Unidade sindical. Algo incomum no País Basco. Mas, nesta ocasião, o anúncio da Secretaria de Educação do retorno à sala de aula a partir de 18 de maio para os alunos do secundário levou os sindicatos a unirem forças. Os sindicatos ELA, LAB, STEILAS, CCOO e UGT alertaram a Educação de que os professores não retornarão à sala de aula a menos que as condições de retorno “sejam negociadas e garantam a saúde”.
As centrais sindicais entrarão em contato com os diversos agentes educacionais nos próximos dias para discutir as possibilidades de dar uma resposta conjunta. Os sindicatos afirmam que o plano apresentado pelo Governo Basco para o retorno às escolas não foi “negociado ou elaborado com os representantes dos trabalhadores”. “Trata-se de uma decisão unilateral e imposta, como tem acontecido ao longo da gestão desta crise de saúde”, reclamam.

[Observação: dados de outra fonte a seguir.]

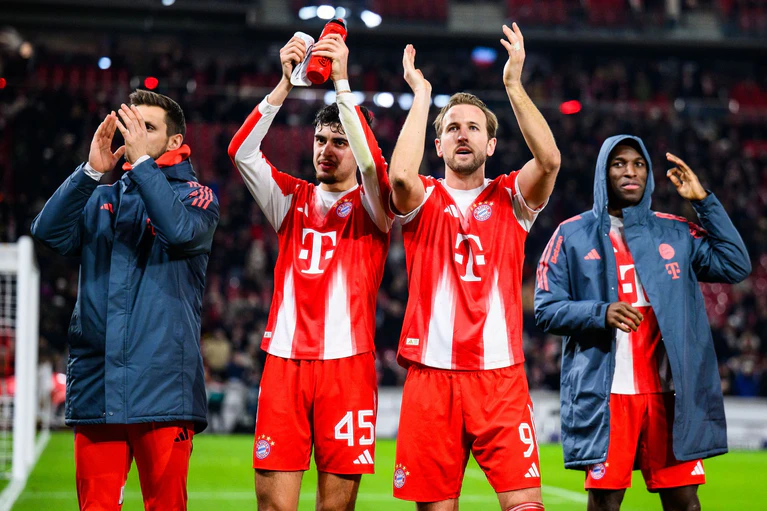 Klare Sieger im Südschlager in Stuttgart: Harry Kane (2.v.r.) und die Bayern. — © Tom Weller/dpa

Uma vez que o plano foi conhecido, consideram que não há condições de implementar o retorno a partir de 18 de maio garantindo a saúde dos trabalhadores e estudantes. A sua opinião é que, a Educação apenas coleta critérios gerais de segurança que estão aquém e estabelece medidas “sem ter trabalhado com as escolas e sem fornecer recursos para poder implementá-los, carregando as escolas com um nível desproporcional de responsabilidade”.
Ou seja, “o plano de retorno é caracterizado pela improvisação e precipitação”. “Seria uma irresponsabilidade absoluta lançar o retorno proposto para 18 de maio.”